E, algum tempo depois que desisti, começou a existir rede social "pra valer". E celulares com câmera. As mulheres descobriram o feminismo, e, mais importante, a sororidade. Elas começaram a reclamar de cantadas, de assédio, de passada de mão, de exibicionista e abusador de metrô, de pedofilia, de agressão e de tantas coisas que as incomodavam sistematicamente. E mais importante: aprenderam a reclamar da reclamação indevida dos outros ("ah, mas você reclama demais...").
E em 2015 isso atingiu uma massa crítica. Em 2015 as mulheres se cansaram de aguentar o que minha avó aguentou a vida inteira calada. Estou muito orgulhosa de todas nós. Queria que minha avó pudesse ver isso. Tenho certeza de que ela adoraria, e se sentiria representada, e ia começar a falar noutro tom.

Minha avó nasceu em 1930, no Rio mesmo. Adorava a escola -- pública, de qualidade, do Getúlio Vargas --, era inteligente, e só tirava notas altas. Mas teve que sair da escola na 7a série para ir trabalhar e ajudar no orçamento doméstico, pois só tinha irmãs (três!) e meu bisavô ficou incapacitado. E além disso, mulher vai só casar mesmo, pra quê educá-la?

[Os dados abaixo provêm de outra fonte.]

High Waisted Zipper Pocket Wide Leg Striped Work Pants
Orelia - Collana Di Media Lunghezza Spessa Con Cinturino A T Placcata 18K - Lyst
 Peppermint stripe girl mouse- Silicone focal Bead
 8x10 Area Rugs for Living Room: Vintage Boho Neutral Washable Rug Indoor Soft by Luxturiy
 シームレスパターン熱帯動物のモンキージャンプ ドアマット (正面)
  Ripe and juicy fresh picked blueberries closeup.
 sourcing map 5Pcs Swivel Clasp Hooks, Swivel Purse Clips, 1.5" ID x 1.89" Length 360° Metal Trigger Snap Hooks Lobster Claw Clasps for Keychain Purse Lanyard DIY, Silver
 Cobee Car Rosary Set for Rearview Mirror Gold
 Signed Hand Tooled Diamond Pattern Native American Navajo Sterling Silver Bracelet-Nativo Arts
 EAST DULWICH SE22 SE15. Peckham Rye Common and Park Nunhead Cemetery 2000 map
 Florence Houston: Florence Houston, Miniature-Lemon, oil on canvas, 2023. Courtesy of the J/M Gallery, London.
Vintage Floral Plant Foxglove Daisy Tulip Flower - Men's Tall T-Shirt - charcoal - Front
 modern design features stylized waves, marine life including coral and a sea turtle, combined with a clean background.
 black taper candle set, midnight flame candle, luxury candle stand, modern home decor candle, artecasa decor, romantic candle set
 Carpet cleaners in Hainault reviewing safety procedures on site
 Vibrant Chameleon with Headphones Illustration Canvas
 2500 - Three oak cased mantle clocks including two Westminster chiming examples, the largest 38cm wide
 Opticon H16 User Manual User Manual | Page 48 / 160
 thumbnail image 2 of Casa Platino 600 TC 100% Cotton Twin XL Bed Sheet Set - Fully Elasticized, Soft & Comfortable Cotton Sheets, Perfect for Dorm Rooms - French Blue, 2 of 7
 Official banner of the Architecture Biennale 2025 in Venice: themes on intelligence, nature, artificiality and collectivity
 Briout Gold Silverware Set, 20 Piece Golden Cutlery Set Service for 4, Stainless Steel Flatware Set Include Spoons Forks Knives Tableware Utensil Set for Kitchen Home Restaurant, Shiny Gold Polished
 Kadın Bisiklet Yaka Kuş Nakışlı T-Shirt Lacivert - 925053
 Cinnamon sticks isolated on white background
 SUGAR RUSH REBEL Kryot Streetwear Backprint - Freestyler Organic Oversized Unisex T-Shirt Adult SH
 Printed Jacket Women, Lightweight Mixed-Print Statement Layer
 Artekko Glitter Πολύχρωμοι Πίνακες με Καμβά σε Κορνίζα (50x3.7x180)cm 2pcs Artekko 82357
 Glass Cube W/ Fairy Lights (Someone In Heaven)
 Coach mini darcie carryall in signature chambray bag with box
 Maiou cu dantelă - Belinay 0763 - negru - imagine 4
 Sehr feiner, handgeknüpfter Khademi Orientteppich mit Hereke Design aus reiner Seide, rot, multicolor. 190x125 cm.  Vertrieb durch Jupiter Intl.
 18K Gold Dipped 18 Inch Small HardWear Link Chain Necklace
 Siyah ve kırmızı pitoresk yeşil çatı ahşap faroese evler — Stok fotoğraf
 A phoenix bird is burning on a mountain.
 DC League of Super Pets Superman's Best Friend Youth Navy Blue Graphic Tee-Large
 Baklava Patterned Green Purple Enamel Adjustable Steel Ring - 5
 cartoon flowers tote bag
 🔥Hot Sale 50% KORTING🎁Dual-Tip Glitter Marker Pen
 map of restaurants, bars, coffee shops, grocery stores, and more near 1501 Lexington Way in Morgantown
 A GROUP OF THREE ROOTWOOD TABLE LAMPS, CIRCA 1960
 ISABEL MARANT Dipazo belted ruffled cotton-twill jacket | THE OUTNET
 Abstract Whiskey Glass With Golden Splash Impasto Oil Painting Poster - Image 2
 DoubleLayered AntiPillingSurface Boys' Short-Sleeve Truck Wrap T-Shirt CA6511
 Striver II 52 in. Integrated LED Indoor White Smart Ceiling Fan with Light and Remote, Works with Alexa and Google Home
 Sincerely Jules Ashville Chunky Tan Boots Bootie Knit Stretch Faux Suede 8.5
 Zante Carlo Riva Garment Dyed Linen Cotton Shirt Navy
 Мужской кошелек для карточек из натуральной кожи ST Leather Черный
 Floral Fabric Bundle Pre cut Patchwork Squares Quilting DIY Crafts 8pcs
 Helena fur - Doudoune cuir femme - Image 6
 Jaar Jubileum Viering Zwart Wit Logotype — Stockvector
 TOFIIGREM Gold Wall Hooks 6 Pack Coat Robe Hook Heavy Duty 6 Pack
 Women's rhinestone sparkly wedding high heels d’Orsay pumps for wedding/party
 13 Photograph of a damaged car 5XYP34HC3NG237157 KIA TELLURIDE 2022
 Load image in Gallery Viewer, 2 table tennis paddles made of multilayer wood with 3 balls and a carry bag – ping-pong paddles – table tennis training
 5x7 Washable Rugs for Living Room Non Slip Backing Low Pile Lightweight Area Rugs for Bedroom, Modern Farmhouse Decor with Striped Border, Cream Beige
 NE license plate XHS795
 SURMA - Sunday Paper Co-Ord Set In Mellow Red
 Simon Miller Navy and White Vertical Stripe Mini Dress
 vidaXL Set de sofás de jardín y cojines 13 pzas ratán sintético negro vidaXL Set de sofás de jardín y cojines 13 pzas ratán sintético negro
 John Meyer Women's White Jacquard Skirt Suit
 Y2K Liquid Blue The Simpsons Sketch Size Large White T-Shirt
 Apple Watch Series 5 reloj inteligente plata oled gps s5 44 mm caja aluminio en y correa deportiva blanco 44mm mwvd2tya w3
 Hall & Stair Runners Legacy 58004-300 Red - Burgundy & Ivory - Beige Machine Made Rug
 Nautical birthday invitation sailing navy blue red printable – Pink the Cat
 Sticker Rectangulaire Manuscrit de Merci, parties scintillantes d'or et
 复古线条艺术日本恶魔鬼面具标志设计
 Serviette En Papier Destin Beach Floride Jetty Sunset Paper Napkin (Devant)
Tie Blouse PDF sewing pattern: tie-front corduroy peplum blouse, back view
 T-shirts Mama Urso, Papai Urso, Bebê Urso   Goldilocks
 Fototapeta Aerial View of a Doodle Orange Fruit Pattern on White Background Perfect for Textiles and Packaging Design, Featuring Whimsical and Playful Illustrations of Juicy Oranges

Corta pra uns 4 anos depois, minha avó trabalhando numa casa comercial, 18 anos, se candidata a Miss Mi-Carême (Meia Quaresma, o que hoje se chama de... micareta). Era um concurso só para "modistas", ou seja, balconistas de butiques chiques. Minha bisavó descobriu que haveria desfile em traje de banho (quer dizer, um maiô super comportado pros padrões de hoje) e proibiu minha avó de desfilar. E assim ela perdeu sua segunda grande chance de ser alguém.
Quando mesmo as melhores de nós são podadas tão cedo, não dá para vencer nem pela beleza nem pela inteligência...
Espero que possamos mudar isso, ainda que tardiamente.

Albertina Rodrigues, minha avó materna, na época de sua candidatura a Miss Mi-Carême.